Project that aims to transform Broadway-Fillmore gets $3M boost from Mother Cabrini

The Upper Broadway-Fillmore Neighborhood Transformation Project
Henry-Louis Taylor, Jr.
Press Conference — Announcing the $3 Million Mother Cabrini Health Foundation Grant
11 June 2026
The purpose of the East Side Neighborhood Transformation Project is to improve health outcomes and increase the life chances of East Side residents by transforming their neighborhoods into healthy, thriving, and joyful communities. However, because the East Side is such a large, diverse, and complex community, we begin the initiative by launching a demonstration project in a single neighborhood where we can develop, test, and refine our model for transforming underdeveloped neighborhoods into great places to live. Once perfected, the model will be applied to other East Side neighborhoods. We understand that neighborhood transformation cannot be sustained without changing the metropolitan city building process and building a just metropolis. This project is a beginning, not an end.
We have selected the Upper Broadway–Fillmore neighborhood (Census Tract 166) as the site for this demonstration project.

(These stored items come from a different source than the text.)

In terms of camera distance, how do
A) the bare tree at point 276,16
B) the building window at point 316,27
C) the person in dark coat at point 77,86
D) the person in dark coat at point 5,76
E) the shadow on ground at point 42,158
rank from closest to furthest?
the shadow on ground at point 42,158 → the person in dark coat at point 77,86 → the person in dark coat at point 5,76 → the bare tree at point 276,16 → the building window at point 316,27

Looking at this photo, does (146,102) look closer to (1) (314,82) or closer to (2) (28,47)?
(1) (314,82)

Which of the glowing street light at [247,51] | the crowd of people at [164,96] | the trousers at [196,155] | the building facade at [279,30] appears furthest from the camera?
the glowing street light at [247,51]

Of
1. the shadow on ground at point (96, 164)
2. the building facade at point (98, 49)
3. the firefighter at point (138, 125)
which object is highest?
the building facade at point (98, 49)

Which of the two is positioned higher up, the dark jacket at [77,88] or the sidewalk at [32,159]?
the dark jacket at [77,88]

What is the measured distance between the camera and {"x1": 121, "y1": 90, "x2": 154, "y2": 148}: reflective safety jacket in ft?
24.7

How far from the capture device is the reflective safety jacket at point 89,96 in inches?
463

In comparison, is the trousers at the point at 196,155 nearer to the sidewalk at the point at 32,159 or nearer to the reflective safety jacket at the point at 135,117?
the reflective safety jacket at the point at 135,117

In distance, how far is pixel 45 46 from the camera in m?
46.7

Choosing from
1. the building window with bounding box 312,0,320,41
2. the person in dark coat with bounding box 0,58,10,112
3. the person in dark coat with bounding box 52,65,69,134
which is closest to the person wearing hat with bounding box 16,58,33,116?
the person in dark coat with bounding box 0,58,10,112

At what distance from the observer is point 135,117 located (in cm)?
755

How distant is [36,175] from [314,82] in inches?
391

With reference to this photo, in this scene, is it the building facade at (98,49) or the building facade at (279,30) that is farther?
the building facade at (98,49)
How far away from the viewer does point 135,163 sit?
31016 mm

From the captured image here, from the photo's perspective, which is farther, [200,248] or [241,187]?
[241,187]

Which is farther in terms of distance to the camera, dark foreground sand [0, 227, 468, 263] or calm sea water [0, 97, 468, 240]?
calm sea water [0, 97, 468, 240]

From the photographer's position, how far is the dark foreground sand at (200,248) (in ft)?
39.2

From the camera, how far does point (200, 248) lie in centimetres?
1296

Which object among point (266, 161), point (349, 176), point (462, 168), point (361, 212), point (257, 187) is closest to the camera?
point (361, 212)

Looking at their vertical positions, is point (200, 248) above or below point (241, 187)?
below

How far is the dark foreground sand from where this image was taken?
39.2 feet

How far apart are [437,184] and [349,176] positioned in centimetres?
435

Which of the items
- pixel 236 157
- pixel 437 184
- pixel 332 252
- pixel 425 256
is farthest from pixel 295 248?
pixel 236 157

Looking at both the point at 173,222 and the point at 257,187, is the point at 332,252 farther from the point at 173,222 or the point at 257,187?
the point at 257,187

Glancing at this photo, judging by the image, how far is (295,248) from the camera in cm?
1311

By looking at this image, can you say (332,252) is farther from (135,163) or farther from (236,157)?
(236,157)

Transforming Upper Broadway-Fillmore into a healthy, thriving, and joyful community will be difficult. Black Buffalo has lived in the most undesirable neighborhoods and in the most inadequate housing since the city was founded. And for most folks, it is easier to imagine the end of the world than it is to imagine ordinary Blacks living in wonderful communities. This inability to imagine a vibrant, prosperous Black community is, in itself, an obstacle to the community’s transformation. We aim to change this reality.
We have developed a new model of neighborhood transformation designed to turn Upper Broadway-Fillmore into a great place to live for its current residents. This model places people’s needs, wants, and aspirations over profit-making and wealth accumulation. It aims to build a healthy, nurturing neighborhood where residents can reach their full potential, in a community where ordinary people will have access to the best that humanity and technology have to offer.

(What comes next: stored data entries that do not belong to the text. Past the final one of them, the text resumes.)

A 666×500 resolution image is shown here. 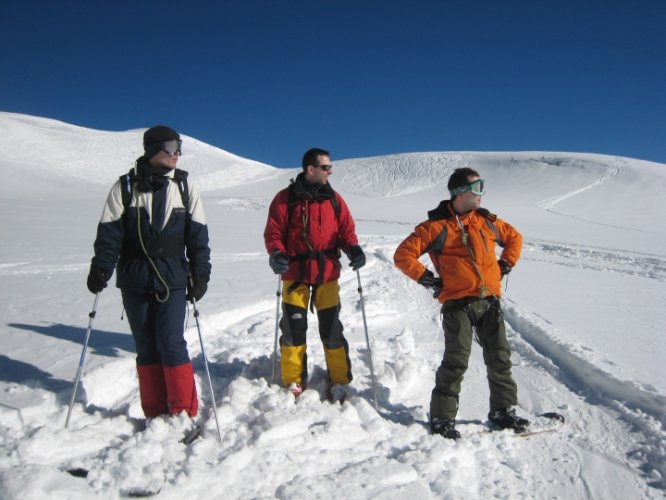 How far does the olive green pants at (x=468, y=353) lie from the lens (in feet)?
11.4

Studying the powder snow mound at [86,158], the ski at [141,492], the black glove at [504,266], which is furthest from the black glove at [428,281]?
the powder snow mound at [86,158]

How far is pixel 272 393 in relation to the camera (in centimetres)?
361

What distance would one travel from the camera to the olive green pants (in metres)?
3.46

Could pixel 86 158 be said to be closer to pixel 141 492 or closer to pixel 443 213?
pixel 443 213

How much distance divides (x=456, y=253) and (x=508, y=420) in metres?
1.24

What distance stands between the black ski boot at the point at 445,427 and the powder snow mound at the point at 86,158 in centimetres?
3681

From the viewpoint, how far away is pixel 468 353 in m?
3.48

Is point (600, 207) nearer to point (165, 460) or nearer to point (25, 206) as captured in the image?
point (25, 206)

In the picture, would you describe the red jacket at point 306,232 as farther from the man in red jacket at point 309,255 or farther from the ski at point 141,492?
the ski at point 141,492

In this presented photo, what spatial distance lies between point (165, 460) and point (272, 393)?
0.98 meters

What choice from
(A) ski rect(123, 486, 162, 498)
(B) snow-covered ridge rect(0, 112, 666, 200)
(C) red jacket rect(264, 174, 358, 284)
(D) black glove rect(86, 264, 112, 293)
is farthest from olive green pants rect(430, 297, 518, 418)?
(B) snow-covered ridge rect(0, 112, 666, 200)

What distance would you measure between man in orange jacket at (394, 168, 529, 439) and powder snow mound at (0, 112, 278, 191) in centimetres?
3653

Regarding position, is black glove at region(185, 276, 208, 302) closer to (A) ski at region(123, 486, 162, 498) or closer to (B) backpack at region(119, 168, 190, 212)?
(B) backpack at region(119, 168, 190, 212)

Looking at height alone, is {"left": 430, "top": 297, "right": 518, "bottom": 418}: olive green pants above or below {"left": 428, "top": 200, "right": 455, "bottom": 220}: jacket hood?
below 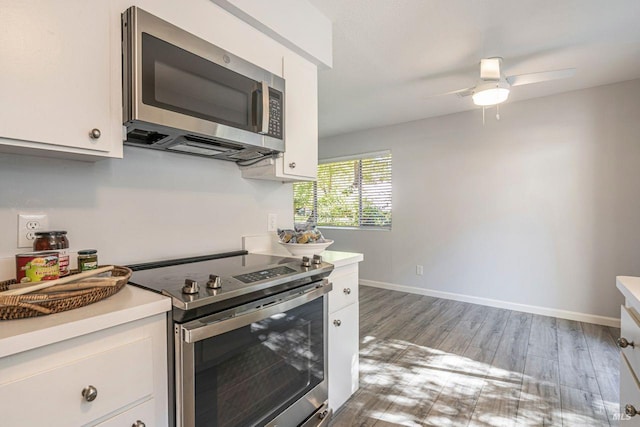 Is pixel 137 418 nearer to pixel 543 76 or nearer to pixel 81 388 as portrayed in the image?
pixel 81 388

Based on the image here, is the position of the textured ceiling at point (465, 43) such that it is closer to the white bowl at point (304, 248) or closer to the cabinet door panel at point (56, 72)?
the cabinet door panel at point (56, 72)

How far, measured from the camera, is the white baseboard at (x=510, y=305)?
322cm

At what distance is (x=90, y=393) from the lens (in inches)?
30.1

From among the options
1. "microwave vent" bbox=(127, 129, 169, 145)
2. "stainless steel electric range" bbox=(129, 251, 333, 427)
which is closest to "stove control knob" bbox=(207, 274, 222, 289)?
"stainless steel electric range" bbox=(129, 251, 333, 427)

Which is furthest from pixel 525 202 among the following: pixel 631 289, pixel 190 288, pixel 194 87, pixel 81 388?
pixel 81 388

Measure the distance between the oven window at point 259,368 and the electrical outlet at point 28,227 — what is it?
0.74 meters

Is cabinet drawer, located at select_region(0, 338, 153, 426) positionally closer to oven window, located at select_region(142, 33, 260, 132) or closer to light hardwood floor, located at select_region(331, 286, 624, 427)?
oven window, located at select_region(142, 33, 260, 132)

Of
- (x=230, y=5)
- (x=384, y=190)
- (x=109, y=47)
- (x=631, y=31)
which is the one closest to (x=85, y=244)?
(x=109, y=47)

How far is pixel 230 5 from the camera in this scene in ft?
4.69

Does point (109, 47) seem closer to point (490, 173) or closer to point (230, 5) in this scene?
point (230, 5)

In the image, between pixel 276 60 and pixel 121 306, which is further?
pixel 276 60

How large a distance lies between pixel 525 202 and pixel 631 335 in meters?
2.89

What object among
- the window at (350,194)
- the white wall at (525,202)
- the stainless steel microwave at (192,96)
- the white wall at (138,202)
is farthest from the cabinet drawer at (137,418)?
the white wall at (525,202)

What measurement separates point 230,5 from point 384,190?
3645 mm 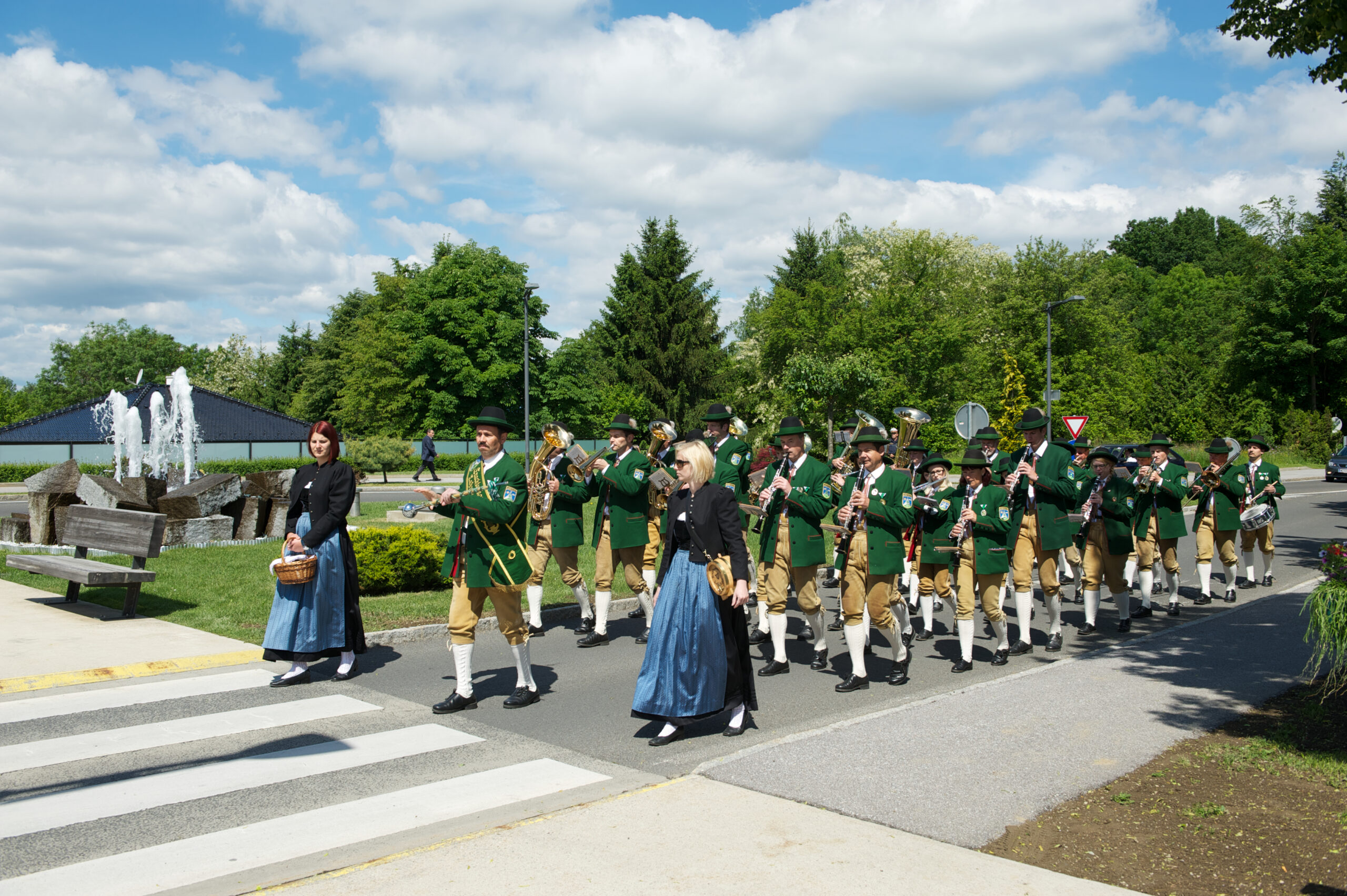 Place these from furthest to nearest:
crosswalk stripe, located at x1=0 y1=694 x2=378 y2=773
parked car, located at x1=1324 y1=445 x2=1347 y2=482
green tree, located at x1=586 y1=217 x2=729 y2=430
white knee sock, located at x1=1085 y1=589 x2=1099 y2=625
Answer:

This people-centered model dares residents to dream and empowers them to drive the neighborhood transformation process. At the outset of this initiative, for example, we will launch a future neighborhood visioning and planning process, which will involve roughly 80% of the community’s residents. The purpose is twofold.
Our first step is to build unity around the type of neighborhood the residents seek to build. There is an old African proverb that says that a person without a target cannot miss, but neither can they hit anything. This vision of the future neighborhood — that we aim to build — gives us a target — a destination that this neighborhood intends to reach.

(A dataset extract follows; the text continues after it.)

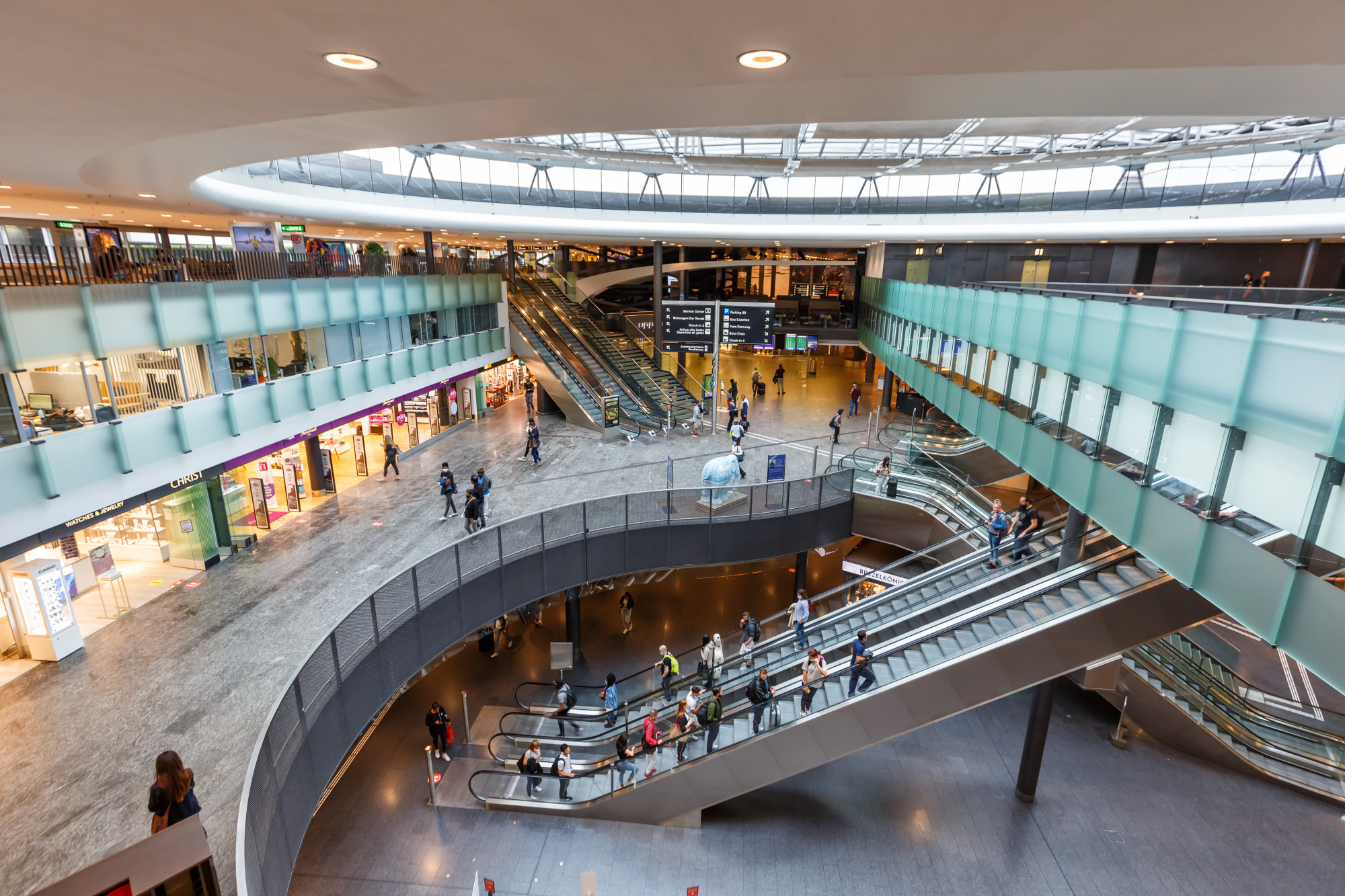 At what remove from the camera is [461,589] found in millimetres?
11508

Our second step is to use the neighborhood planning process to build a pathway to that destination by generating the projects, programs, and activities that the neighborhood must implement to reach its future self. Collectively, this visioning and neighborhood planning process is grounded in the principle of fusing resident knowledge and wisdom with expert knowledge and wisdom to create a synergistic relationship that provides the project with the skills and capacity to effect change.
At the same time, the neighborhood transformation project will not wait until the visioning and planning processes are completed before taking action. This initiative will implement projects while residents simultaneously imagine, design, and plan the future neighborhood. As these activities unfold, we will be fixing the houses where people live, building new housing units, and engaging in activities designed to help families navigate and negotiate their environment. We will also be developing a job-training program that enables residents to participate directly in the development of their community — rebuilding their lives as they rebuild their neighborhood.
One of the most critical and difficult dimensions of this people-centered model is the struggle to gain ownership and control of the land where residents are building their community. This objective will require completing two interactive tasks. The first is to use a community land trust to acquire shared ownership of community land and resources, while the second involves fundamentally changing the relationship between the Upper Broadway-Fillmore neighborhood and the metropolitan city builders — government and the financial, real estate, development, and property management industries.
We seek to establish a collaborative relationship in which these entities suppress their profit-making and wealth-accumulation urges and find innovative ways to create shared value with the Upper Broadway-Fillmore neighborhood. Following the Harvard economist Michael Porter, we want the private sector to learn how to create economic value and profits while simultaneously creating social value by addressing the needs and challenges facing this community in a non-wealth-extractive, supportive manner.
Furthermore, we want the government to partner with us under community leadership — thereby refining the definition and operationalizing the concept of public servant. If the people best understand the challenges they face, then the government should be willing to follow their lead in the neighborhood development and transformation process. Thus, in the people-centered model, government and the private sector should contribute to neighborhood transformation by entering the Upper Broadway-Fillmore neighborhood and collaborating with the community to test bold new ideas and approaches to neighborhood transformation.
Operating within this context, the Upper Broadway-Fillmore Neighborhood Transformation project is guided by a set of core principles: unity, community control of neighborhood development, shared ownership of land and community resources, cooperative housing, a solidarity neighborhood economy, neighborly reciprocity, a culture of health, and community wealth-building.
The aim is to build a community that enables people to become the best they can be, that leaves no one behind, that controls its own destiny, and that is anchored by the principle of collective work and responsibility. This vision is our hope. Our dream. Our Future.